Not only that, but he wrote limpid poetry in Georgian as a
youth, he read Dostoevsky and his subordinates saw him as a
considerate boss.
He also had millions of people killed, which is why, until
Service's recent book, Stalin: A Biography, people were
reluctant to write about his human side.
Yet a moment's thought will tell you that the great dictators
could never have achieved such power over other people if there was
not something attractive about their personalities.
Maybe it's the fact that most of their victims are no longer
with us that now makes it possible to see the mass murderers of the
mid-20th century as complex human beings rather than
one-dimensional monsters.
It will be quite a while before some brave Cambodian makes the
first film that shows the human side of Pol Pot, and in China they
haven't even got around yet to admitting officially that Mao Zedong
was a monster. But in Europe, where the horrors are a bit more
distant in time, it's all the rage.
The wave of books and films about human monsters began with a
couple of groundbreaking Italian biographies that showed the human
side of Benito Mussolini; but he wasn't really in the first team as
a mass murderer.
Service's biography of Stalin is in a different league - and so
is Bernd Eichinger's groundbreaking film on the last days of
Hitler, The Downfall (Der Untergang).
Released in Germany to generally positive reviews in September,
it is the first German film to tackle Hitler directly - 59 years
after the man's death. Set in the last 12 days of Hitler's life as
the Soviet army fought its way towards his deep, multi-storey
bunker in central Berlin in April 1945, it documents his rages and
his self-pity, but it also shows him as an ordinary human
being.
He says "please" and "thank you". He eats pasta. He is kind to
the terrified women who continue to carry out their secretarial
duties as the apocalypse rages overhead.
When he finally marries his mistress Eva Braun (which he always
refrained from doing because, he said, he was wedded to the German
people), he is implicitly accepting that it is all over, and that
they will have to die in a little while - but he kisses her gently
on the lips.
It's all true, based on the accounts of people who were in the
bunker and survived, but it stirred up a storm in Germany. Most of
the criticisms echoed Golo Mann, one of Hitler's first biographers,
who warned 30 years ago that the more biographers explored Hitler's
origins and psychology, the more inclined people would be to
understand him. From there, Mann said, "it is only a small step
towards forgiving and then admiring". But that is not true.

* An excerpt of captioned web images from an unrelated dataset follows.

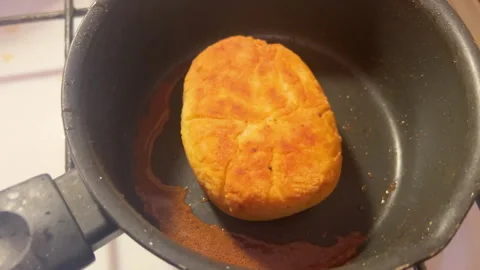 CLose-up view golden crispy fried patty on a frying pan in kitchen at home Stock Footage 280321711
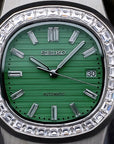 Silver Seiko watch with green face and diamond bezel on a dark background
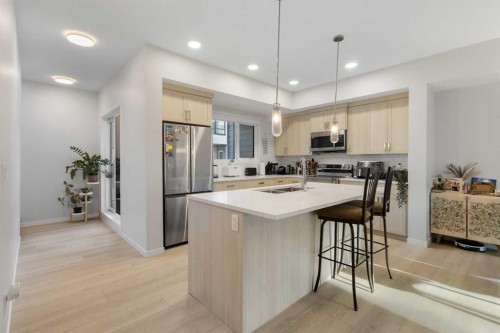 405 20295 Seton Way Se, Calgary, AB - Indoor Photo Showing Kitchen With Stainless Steel Kitchen With Double Sink With Upgraded Kitchen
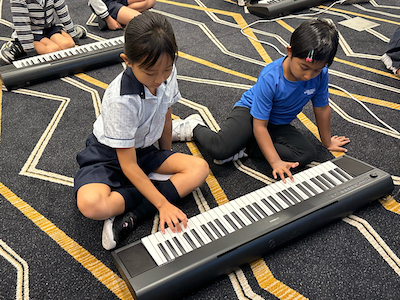 Primary School students at OWIS Suntec learning music | Well-rounded education at International School near Orchard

Admitting that Hitler and the other great murderers were human
is painful, but to deny it is to absolve ourselves of any moral
connection to what happened.
Whatever the risks involved in acknowledging our common
humanity, they are outweighed by the need to understand that it is
human beings, not instantly recognisable as moral monsters, who
commit the great atrocities.
Consider Ernesto "Che" Guevara, the revolutionary hero whose
iconic image, taken from a 1960 photo, once graced millions of
students' walls. There is no doubt that injustice inspired genuine
rage in him. Since he never got to rule anywhere, however, his
image is unsullied by any knowledge of what he would have done if
he actually had power.
There has been a film out about Guevara, too. The Motorcycle
Diaries follows the epic trip he and a friend made up the
length of Latin America on an old Norton 500 in 1952. It documents
how these young Argentine sons of privilege had their eyes opened
to the realities of poverty and exploitation in Latin America - and
leaves them just before Guevara joined Fidel Castro in his Mexican
exile and began his meteoric revolutionary career.
Guevara comes across as an attractive human being, and his
dedication to the poor is clearly genuine. But the ideology he
espoused in order to change all the human sorrow he saw was
Marxism, and he did not water it down.
He used to prostrate himself before portraits of Stalin, and he
advocated "relentless hatred of the enemy that ... [transforms] us
into effective, violent, selective and cold killing machines". If
he had led a successful revolution in Bolivia, instead of dying in
the attempt in 1967, there would certainly have been mass
killing.
Mass murder in the name of a principle is as human as eating
apple pie, borsch and steamed rice. Treating the perpetrators as
space aliens simply disguises the nature of the problem. The
potential mass killers live among us, as they always have. They
often have perfectly good manners, and some even have high ideals.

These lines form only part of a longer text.